# Matrix representation of the adjoint of an operator, the same as the complex conjugate of the transpose of that operator?

Since I'm not taking summer classes I decided to do some self learning on more advanced mathematics, and I've found myself stuck on this problem:

I have to show that for any operator $\hat{A}$ the matrix representation of the adjoint $\hat{A}\dagger$ is given as the complex conjugate of the transpose of the matrix representation of the operator $\hat{A}$.

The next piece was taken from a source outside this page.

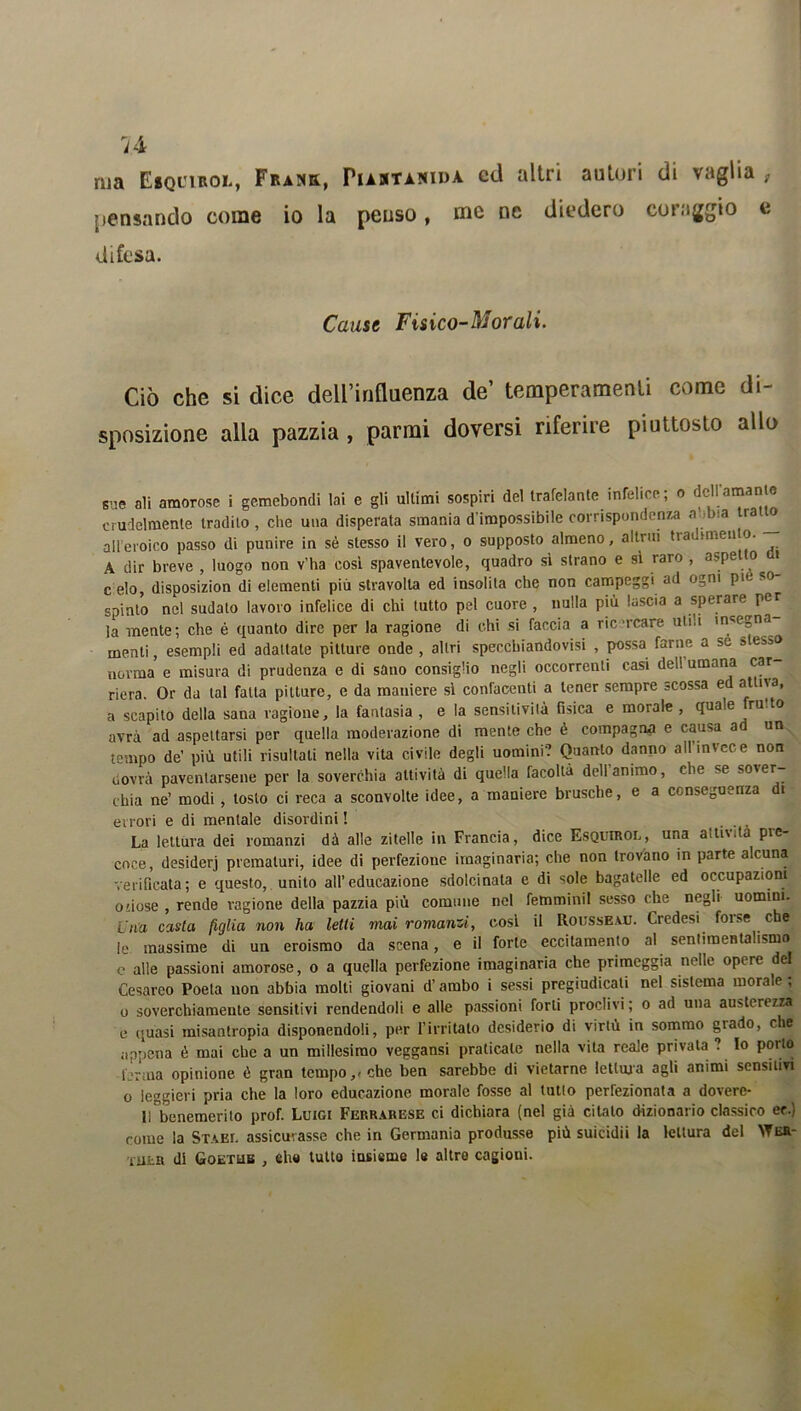 ma Eiquibol, Frank, Pustanida cd altri autori di vaglia , pensando come io la penso, me ne diedero coraggio e difesa. Cause Fisico-Morali. Ciò che si dice dell’influenza de’ temperamenti come di- sposizione alla pazzia , parrai doversi riferire piuttosto allo sue ali amorose i gemebondi lai e gli ultimi sospiri del trafelante infelice; o dell amari c crudelmente tradito, che una disperata smania d'impossibile corrispondenza aobia trai all eroico passo di punire in sé stesso il vero, o supposto almeno, altrui tradimento. A dir breve , luogo non v'ha così spaventevole, quadro sì strano e si raro , aspetto m c elo, disposizion di elementi più stravolta ed insolita che non campeggi ad ogni pie o spinto nel sudalo lavoro infelice di chi tutto pel cuore , nulla più lascia a sperare per la mente; che é quanto dire per la ragione di chi si faccia a ricreare uti;i insegna menti, esempli ed adattate pitture onde , altri specebiandovisi , possa farne a se » esso norma e misura di prudenza e di sano consiglio negli occorrenti casi dell umana car riera. Or da tal falla pitture, e da maniere sì confacenti a tener sempre scossa e atlna, a scapito della sana ragione, la fantasia , e la sensitività fisica e morale , quale frutto avrà ad aspettarsi per quella moderazione di mente che è compagna e causa a un tempo de’ più utili risultati nella vita civile degli uomini? Quanto danno all invece non ilovrà paventarsene per la soverchia attività di quella facoltà dell animo, che se sover- chia ne’ modi , tosto ci reca a sconvolte idee, a maniere brusche, e a conseguenza di errori e di mentale disordini ! . La lettura dei romanzi dà alle zitelle in Francia, dice Esquirol, una attività pre- coce, desiderj prematuri, idee di perfezione imaginaria; che non trovano in parte alcuna verificata; e questo, unito all’educazione sdolcinata e di sole bagatelle ed occupazioni oiiose , rende ragione della pazzia più comune nel fetnminil sesso che negli uomini. Una casta figlia non ha letti mai romanzi, cosi il Rousseau. Credesi forse che le massime di un eroismo da scena, e il forte eccitamento al sentimentalismo e alle passioni amorose, o a quella perfezione imaginaria che primeggia nelle opere del Cesareo Poeta non abbia molti giovani d’ambo i sessi pregiudicali nel sistema morale , o soverchiamente sensitivi rendendoli e alle passioni forti proclivi ; o ad una austerezza e quasi misantropia disponendoli, per l’irritato desiderio di virtù in sommo grado, che appena è mai che a un millesimo veggansi praticale nella vita reale privala ? lo porto -ferma opinione è gran tempo,, che ben sarebbe di vietarne lettola agli animi sensitivi o leggieri pria che la loro educazione morale fosse al tutlo perfezionata a dovere- 11 benemerito prof. Luigi Ferrarese ci dichiara (nel già citalo dizionario classico er.) come la Stasi, assicurasse che in Germania produsse più suicidii la lettura del YTer- TUta di Goetub , ehe tutto insieme le altre cagioni.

So basically show that $\underline{A}\dagger = (\underline{A^T})^*$

I've done many examples on the textbook using actual matrices, but I don't really know how to prove this in terms of operators, any hint or where to start, or some guidance? Thank you

• This is only true if you represent the operator with respect to an orthonormal basis I think. – Giuseppe Negro May 30 '13 at 8:43
• There is no specification of that in the question, I guess it is assumed, most of the questions in the textbook are, I believe, with respect to an orthonormal basis, maybe that'll change further in the book – aNxello May 30 '13 at 8:46

Let $V,W$ be complex, finite dimenstional Hilbert spaces, $A \colon V \to W$ a linear operator. Let $(e_1, \ldots, e_n)$ and $(f_1, \ldots, f_m)$ be orthonormal bases of $V$ and $W$ respectively. If then $(\alpha_{ij})$ is the matrix representation of $A$ with respect to these bases, we have $$Ae_i = \sum_j \alpha_{ij}f_j, \quad 1 \le i \le n$$ Or, as $(f_j)$ is orthonormal $$(Ae_i, f_j) = \alpha_{ij}, \quad 1 \le i \le n, 1 \le j \le m$$ Let $(\beta_{ij})$ be the matrix representation of $A^\dagger$, we have then, as above $$A^\dagger f_i = \sum_i \beta_{ij}e_j$$ or $$(A^\dagger f_i, e_j) = \beta_{ij}, \text{ each i,j}$$ We get, by definition of the adjoint, that \begin{align*} \beta_{ij} &= (A^\dagger f_i, e_j)\\ &= (f_i, Ae_j)\\ &= \overline{(Ae_j, f_i)}\\ &= \overline{\alpha_{ji}} \end{align*} So $(\beta_{ij})_{i,j} = (\bar \alpha_{ji})_{i,j}$, as wanted.
in a complex vector space $V$ endowed with an inner product $\langle\,|\,\rangle$, the adjoint $\hat{A}^\star$ of the (linear) operator $\hat{A}$ is the unique operator with the property that $$\langle \hat{A}\psi | \varphi\rangle = \langle \psi | \hat{A}^\star\varphi\rangle,\qquad \forall \psi, \varphi\in V.$$
If that is the case, then a way to prove your claim easily is to fix an orthonormal base $(e_i\ :\ i=1\ldots N)$ and observe than any operator is uniquely determined as a complex linear combination of the operators $\hat{A}_{ij}$, defined by this property: $$\hat{A}_{ij}e_i=e_j\quad \text{and}\quad \hat{A}_{ij}e_k=0\quad \forall k\ne i.$$ This operator corresponds to a matrix of all zeros except for a $1$ at $(i, j)$ place. Now since the operation $\hat{A}\to \hat{A}^\star$ is (conjugate-)linear, you only have to check that the adjoint $\hat{A}^\star_{ij}$ is represented by the transpose of this matrix, and this is a matter of applying the definition.